Northeast towards Sydney via the Hume Highway

There is a detailed route description outlining the major service stations along the way on the Hume Highway page.

For a lift to Sydney via the Hume Highway (M31) catch a suburban train to Craigieburn (which is also the last stop on the line of the same name) Walk north down Hothlyn Drive and Walters Street about 10mins, until you get to a nice set of traffic lights with an onramp to the Hume Hwy. Here the cars must slow down for the lights and there is a lane for traffic to pull over. Thumb it or use a sign.

Similarly just walk east along a road that has an on-ramp onto the freeway, the walk should take a maximum of 15 minutes. Its pretty doable to get to Sydney within the same day as long as you leave Melbourne early enough in the morning. Follow the signs to Seymour (Road 55) and don't get confused with the different numbers on the signs, Seymour should be always right. Alternately, you can catch a 40 minute train from Melbourne Central Station or Southern Cross Station towards Seymour to Wallan. Wallan is just outside Melbourne and from the train station it's a 10 minute walk straight onto the Hume Highway.

If you're headed to Canberra follow the directions above onto the Hume Hwy. Once you have a lift that is taking you to Yass or further it's best to ask the driver if he/she can take you into Murrumbateman (a small town which is a 10-15 minute drive after the exit onto the Barton Hwy (25) off the Hume Hwy). From there all traffic must slow down and (if you're coming from Melbourne) it'll be late in the day when everyone is commuting back to Canberra. Alternatively, there is a large service and truck-stop station just outside of Yass but if it's late in the day most people are commuting back South and it could be awhile (and dark) before you find someone headed into Canberra.

Some hitchhikers claim that it is very possible indeed to stick your thumb out anywhere on Sydney Road in Melbourne and just get lifts towards Sydney from there.

East towards Traralgon, Bairnsdale (and Sydney the scenic way) via the Princes Highway

Option 1

Take a train to Officer Station (on the Pakenham line), exit the station and walk south down Officer South Road, turn right at the roundabout and walk (or hitch) west down Rix Road about 1km, then turn left and walk south to the end of Stephens Road North. You should find yourself facing the Princes Freeway with a large wall leading away from you to the right. Follow this wall on the freeway side for about 500m and you will come to the BP Service Station (Officer) on the freeway.

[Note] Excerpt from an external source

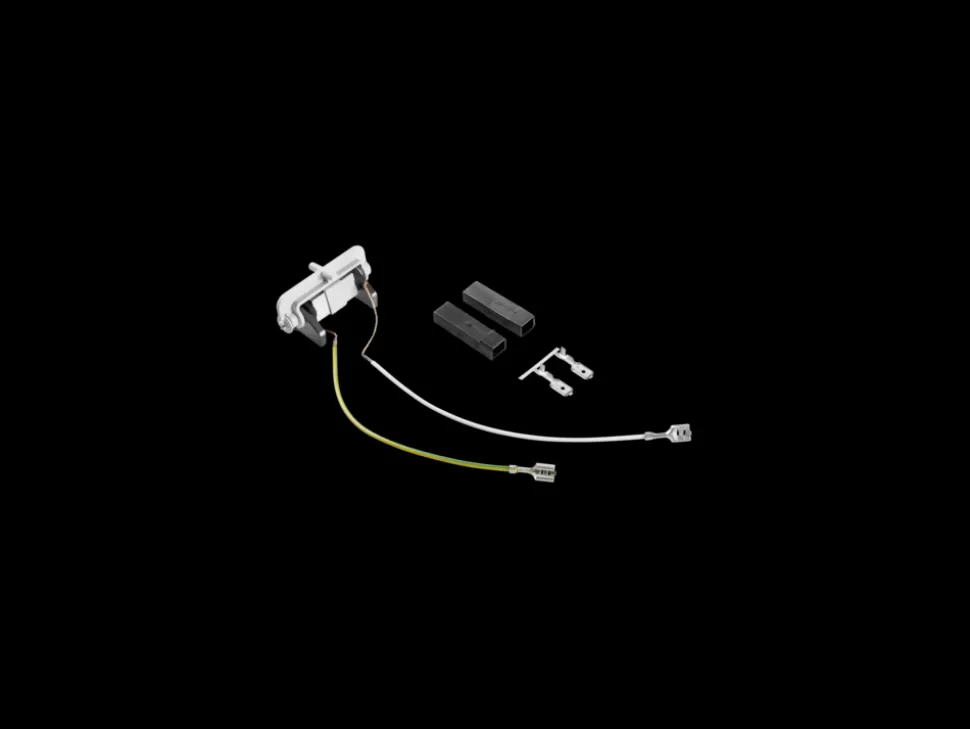 Miele Pièces De Rechange | Charbon Moteur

It is very easy to get a ride east from here by ask drivers filling up with petrol or in the carpark, its not unusual to get a ride within the first few people you ask. The walk from Officer station to the BP service station takes about 30 minutes.

Option 2

Take a train to the end of the Pakenham line to Pakenham Station, exit the station (theres only one platform) and go north straight up Henry St. Henry St turns left, follow it, then turn right at the first right into King St. Follow that north to the Princes Highway. Cross the highway and follow it to the right for around 100m where there is a dirt area where cars can pull over.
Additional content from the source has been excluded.